Salmonella in your salad - the health cost of convenience?

Salmonella in your salad - the health cost of convenience?

'Illness from prepackaged salads isn’t uncommon. The current salmonella outbreak in Australia comes at the same time as an outbreak, of another bacteria, listeria monocytogenes, in prepackaged salad in North America.'

Andrew Greenhill and David Bean, Senior Lecturers in Microbiology, Federation University Australia, note that these recent outbreaks highlight 'that raw agricultural products – when simply washed and marketed in bags – aren’t always as good as we may think.':

This morning, there's been a report of salmonella in bean sprouts:

Something to bear in mind, particularly when we have neutropenia...

But perhaps there's a lighter side to this subject too:


Photo: Dandelion salad anyone?

7 Replies

  • We just went through a Bagged Salad Listeria Hysteria as well... it was off the store shelves for three weeks and now its back... hopefully they have corrected the problem... 🤔

    Lots of organic salad in the mix as well...

    Its a serious problem for the immunocompromised and semicolon club... I try to avoid bagged salads, but it is everywhere in the restaurant industry now...


  • Forgot to mention hepatitis A in ORGANIC frozen berries...

    So is that mean the Hep A was organic...?..Hmmmmm

    Hepatitis A is a highly contagious virus. It is transmitted Hepatitis when contaminated food or water is eaten or through contact with an infected person’s stool.

    Sometimes those who are infected show no symptoms. For those who do become sick, symptoms usually develop two weeks after exposure and can last for months. They include mild fever, loss of appetite, nausea, vomiting, diarrhea, fatigue, dark urine, clay colored stools and jaundice. Those most at risk for Hepatitis A infections are seniors and those with weakened immune systems.

  • Hi Neil,

    Funny comic! I think I ate at that diner!

     Where I live there are dandelions everywhere right now!  I keep wondering if I should harvest some for my salad but then I think of our compromised immune system and how it could be a real battle trying to get rid of some unwanted bug.  I'd rather not have to do battle so I'll resist.  It is a real challenge to try and eat "healthy" but avoid bacteria, parasites and other bugs.  Especially since it is harder for CLL folks to get rid of these infections.



  • Dear GOSHAWK,

    Thanks for the heads up on bagged salad.  I think all greens/produce should be labeled when it is sprayed with anything.  When I can get something fresh to grow in my garden that is what I do.  Good for you for eating well.
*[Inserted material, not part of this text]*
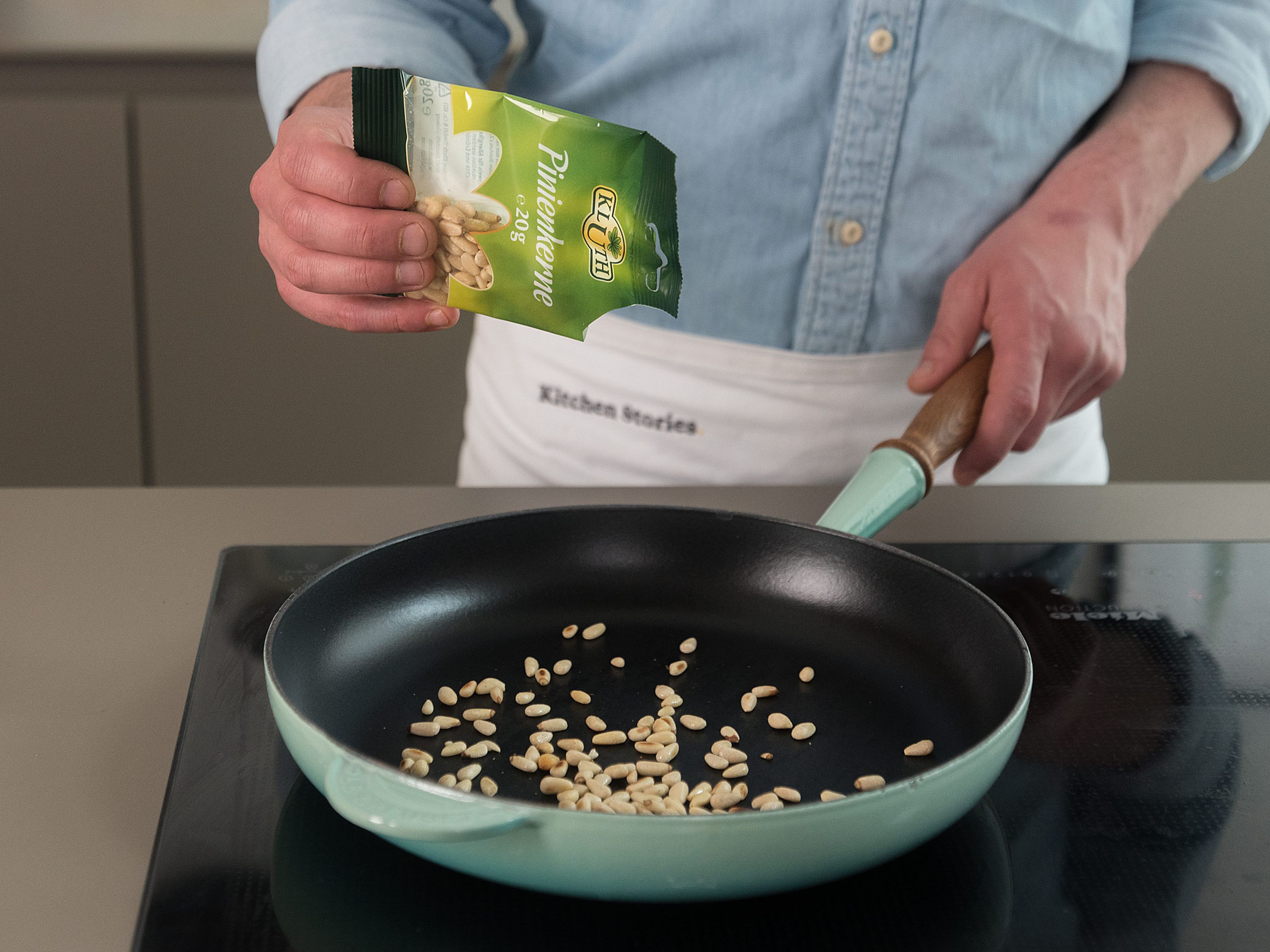 Toast pine nuts in a small frying pan for approx. 3 – 4 min. on medium-low heat until browned.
  • Do you know what is actually sprayed onto the salads? Legislation regarding what can be sprayed if anything and whether it needs to be declared would vary around the world. In Australia I have observed supermarket staff spraying vegetables on display with what I presume is just water, given they attach a hose with hand operated spraying nozzle to a pipeline in the cooled display shelving, but I haven't asked if only water is used.


  • Bagged salads are washed in water, often 3 times...some companies used modified atmosphere packaging, or MAP.

    In Canada if chlorine rinse is used it must be stated on the bag, but most municipal water supplies are treated with chlorine or chloromide.

  • While I don't buy bagged salads, I'll now be interested to see what is disclosed on the bag.  Personally, I'd prefer my bagged salad washed with chlorinated water - given that's the most common means of treating municipal water supplies to reduce bacterial contamination.  I'd be concerned if the water hadn't been treated.